Violenza sessuale, svolta storica: il nuovo 609-bis mette al centro il consenso

Di Yuleisy Cruz Lezcano

L’approvazione, da parte della Camera dei Deputati, della proposta di legge che riscrive l’articolo 609-bis del codice penale segna un passaggio storico nel modo in cui l’Italia riconosce, definisce e contrasta la violenza sessuale. È un cambiamento che non nasce dal nulla ma affonda le sue radici in una storia legislativa iniziata quasi vent’anni fa, con la legge n. 154/2006, uno dei primi interventi organici nel nostro ordinamento per ampliare la definizione di violenza sessuale e rafforzare gli strumenti di tutela delle vittime. Quella norma aveva già tracciato un solco profondo: per la prima volta venivano riconosciuti come reato una gamma più ampia di comportamenti, dallo stupro alle molestie fino ad altre forme di abuso sessuale, e si innalzavano le pene per chi commetteva tali atti. Era una legge nata per rispondere a un cambiamento culturale in atto, alla crescente consapevolezza che la violenza non si esaurisce nel gesto eclatante, ma comprende tutte le forme di imposizione e sopraffazione del corpo altrui.

Oggi quel solco si allarga.

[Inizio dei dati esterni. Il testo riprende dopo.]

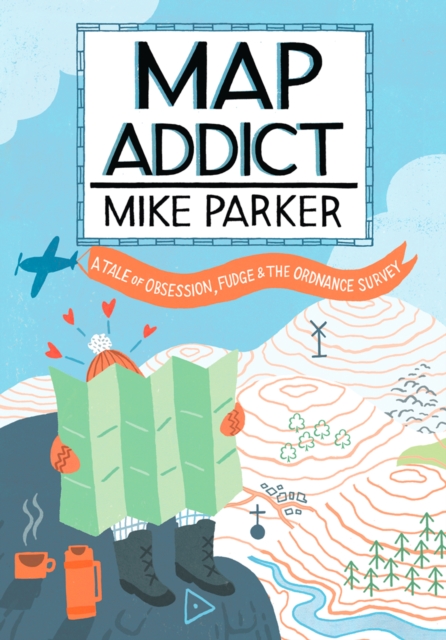 Map Addict : The Bestselling Tale of an Obsession, EPUB eBook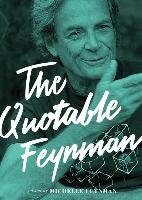 Quotable Feynman Feynman Richard P., Feynman Michelle
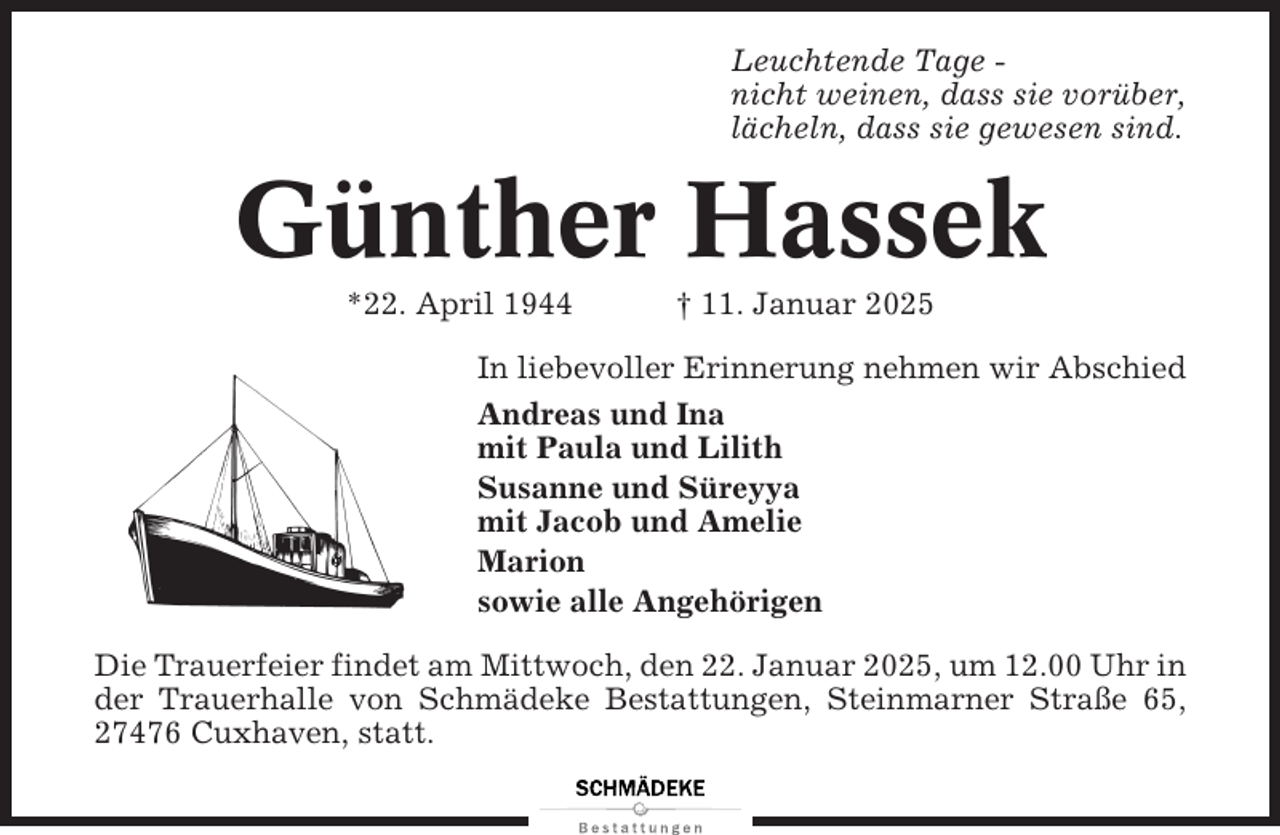 <p>Leuchtende Tage nicht weinen, dass sie vorüber,<br />lächeln, dass sie gewesen sind.</p><p>Günther Hassek<br />*22. April 1944</p><p>† 11. Januar 2025</p><p>In liebevoller Erinnerung nehmen wir Abschied<br />Andreas und Ina<br />mit Paula und Lilith<br />Susanne und Süreyya<br />mit Jacob und Amelie<br />Marion<br />sowie alle Angehörigen<br />Die Trauerfeier findet am Mittwoch, den 22. Januar 2025, um 12.00 Uhr in<br />der Trauerhalle von Schmädeke Bestattungen, Steinmarner Straße 65,<br />27476 Cuxhaven, statt.</p>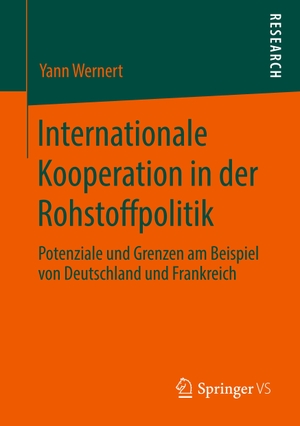 Wernert, Yann. Internationale Kooperation in der Rohstoffpolitik - Potenziale und Grenzen am Beispiel von Deutschland und Frankreich. Springer Fachmedien Wiesbaden, 2019.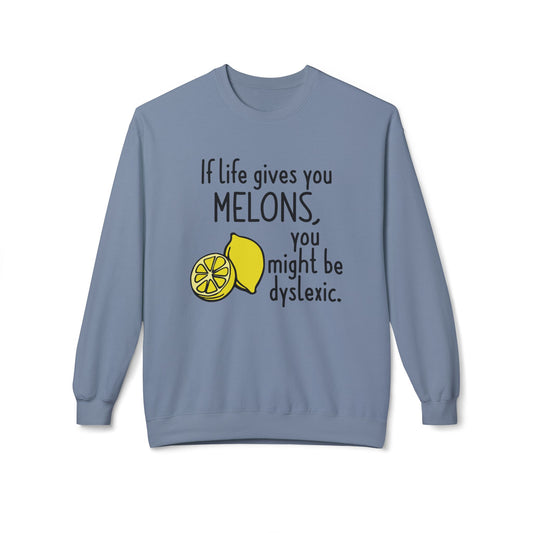 If Life Gives You Melons - Sweatshirt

L’approvazione del disegno di legge Boldrini e altri (A.C. 1693-A) e delle proposte Sportiello e Ascari (A.C. 2151-2279), uscito dalla Commissione Giustizia con la definizione chiave di “consenso libero e attuale”, riscrive profondamente le basi della tutela penale. Non si concentra più sul concetto di costrizione come elemento cardine del reato, ma sull’assenza di consenso. È un cambiamento di prospettiva radicale: non si chiede più alla vittima di dimostrare di essere stata costretta, minacciata o fisicamente sopraffatta; si chiede all’autore di aver agito solo in presenza di un consenso chiaro, presente nel momento del fatto, manifestato senza ambiguità. Il corpo non è disponibile per default e la libertà sessuale diventa un diritto positivo, non una condizione da difendere a posteriori.

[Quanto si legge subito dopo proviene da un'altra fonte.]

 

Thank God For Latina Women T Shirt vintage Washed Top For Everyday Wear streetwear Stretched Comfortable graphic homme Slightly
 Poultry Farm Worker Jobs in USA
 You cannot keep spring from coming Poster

Il nuovo articolo 609-bis, così come approvato alla Camera il 19 novembre 2025, recita che “chiunque compie o fa compiere o subire atti sessuali ad un’altra persona senza il consenso libero e attuale di quest’ultima è punito con la reclusione da sei a dodici anni”. Una formula che allinea l’Italia ai principali ordinamenti europei, inclusi quelli che adottano il modello “solo sì è sì”, e che rompe in modo definitivo con l’idea, ancora diffusa in passato, che la violenza sessuale dovesse essere provata attraverso segni fisici, resistenza, o l’evidenza del terrore.

La norma non cancella, ma integra i casi tradizionalmente contemplati: rimangono puniti con la stessa severità gli atti sessuali compiuti mediante violenza, minaccia, abuso di autorità o approfittando di condizioni di inferiorità fisica o psichica. Si aggiunge la particolare vulnerabilità della persona offesa, riconosciuta esplicitamente, e la sostituzione di persona come modalità di inganno. Viene confermata la riduzione di pena nei casi di minore gravità, fino a due terzi, una previsione che apre il dibattito su come distinguere questi casi senza sminuire la gravità del reato. Ma è proprio nella centralità del consenso che la riforma esprime la sua forza rivoluzionaria.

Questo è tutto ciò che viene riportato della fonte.